Purple - picking unique relevant peptides for viral experiments  1.0
A bioinformatics project developed by MF1 at the RKI, Berlin, Germany.
Purple - picking unique relevant peptides for viral experiments Documentation
  • ╔═══╦╗░╔╦═══╦═══╦╗░░╔═══╗
  • ║╔═╗║║░║║╔═╗║╔═╗║║░░║╔══╝
  • ║╚═╝║║░║║╚═╝║╚═╝║║░░║╚══╗
  • ║╔══╣║░║║╔╗╔╣╔══╣║░╔╣╔══╝
  • ║║░░║╚═╝║║║╚╣║░░║╚═╝║╚══╗
  • ╚╝░░╚═══╩╝╚═╩╝░░╚═══╩═══╝

Picking Unique Relevant Peptides for viraL Experiments

Version: 0.3.1

Description

Recent outbreaks of the Ebola and Zika viruses demonstrate that viruses are a critical topic which has an immense need for research.
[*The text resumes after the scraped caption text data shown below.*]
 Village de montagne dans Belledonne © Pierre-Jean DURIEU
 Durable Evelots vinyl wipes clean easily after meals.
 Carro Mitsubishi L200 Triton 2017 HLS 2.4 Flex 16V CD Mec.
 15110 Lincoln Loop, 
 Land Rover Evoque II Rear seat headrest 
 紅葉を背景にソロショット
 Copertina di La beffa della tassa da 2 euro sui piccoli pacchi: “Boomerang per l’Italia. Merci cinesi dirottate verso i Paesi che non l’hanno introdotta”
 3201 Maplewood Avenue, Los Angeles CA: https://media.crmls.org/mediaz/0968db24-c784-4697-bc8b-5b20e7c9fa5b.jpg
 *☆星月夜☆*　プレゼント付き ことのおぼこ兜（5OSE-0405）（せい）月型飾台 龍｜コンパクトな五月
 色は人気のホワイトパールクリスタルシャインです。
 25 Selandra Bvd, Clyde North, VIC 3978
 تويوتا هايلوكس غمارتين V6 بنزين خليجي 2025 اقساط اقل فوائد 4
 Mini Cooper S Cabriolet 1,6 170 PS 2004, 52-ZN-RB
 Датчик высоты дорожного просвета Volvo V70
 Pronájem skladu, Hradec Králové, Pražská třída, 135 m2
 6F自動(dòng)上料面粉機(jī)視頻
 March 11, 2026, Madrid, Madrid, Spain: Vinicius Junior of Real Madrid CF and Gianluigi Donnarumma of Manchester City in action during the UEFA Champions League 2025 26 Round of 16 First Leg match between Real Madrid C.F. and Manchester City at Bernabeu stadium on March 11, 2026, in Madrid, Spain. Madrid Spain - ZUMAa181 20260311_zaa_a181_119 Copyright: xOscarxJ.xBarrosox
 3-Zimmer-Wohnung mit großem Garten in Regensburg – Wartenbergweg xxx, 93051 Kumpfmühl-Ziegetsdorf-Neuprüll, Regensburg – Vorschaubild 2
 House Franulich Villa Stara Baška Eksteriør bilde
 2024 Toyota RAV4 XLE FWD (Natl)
In viral diagnostics, mass spectrometry is catching up to the established ELISA and PCR. Targeted mass spectrometry-based proteomic analysis is predestined for viral detection since it excels with a high sensitivity for low abundance peptides. However, a preselection of marker peptides must be established for developing a targeted assay. For this purpose the tool Purple was designed in this thesis. Based on the input of the user, Purple identifies peptides that are representative for a species or strain of interest. A comparison is done between target peptides and background peptides, which includes not only uniqueness to identical background sequences, but also to highly similar ones, as it is necessary in biological applications, such as viruses with a high mutation rate. In addition, the ability to predict the detectability of the recommended peptides was performed in a proof of concept. The software suggests a sufficient amount of peptides which are highly different from a given background and can be detected. With the simplification of targeted assay design, Purple can be effectively used in targeted proteomics applications for robust, time efficient and high-throughput diagnostic testing in viral contexts.

Requirements

  • Python 3.4+
    • tqdm
    • biopython

How to use Purple

  1. Download the latest version from the releases page and extract it.
  2. Edit the config file src/config.yml
Parameter Description Example Default
target List of targets to find unique peptides [Hepatitis B, Hepatitis A] No default
threshold Threshold to filter matches Values between 0 and 100 70
update_DB Build a database or use old one True or False False
path_DB Path to folder with fasta files C:/myFASTAs/ ../res/DB/
path_output Path to output folder to store results C:/results/ ../output/
targetFile File name of the fasta with target entries target.fasta
i_am_not_sure_about_target Option to check targets before matching peptides True or False True
max_len_peptides Maximum length of peptides Positive numerical values 25
min_len_peptides Minimum length of peptides Positive numerical values 5
removeFragments Option to remove proteins with "(Fragments)" in the header True or False No default
print_peptides Print peptides at the end True or False False
comment Comments for the log book Text or numbers no comment
do_genome_mapping Do additional genome mapping afterwards True or False False
  1. Run Purple in the console. Python is required.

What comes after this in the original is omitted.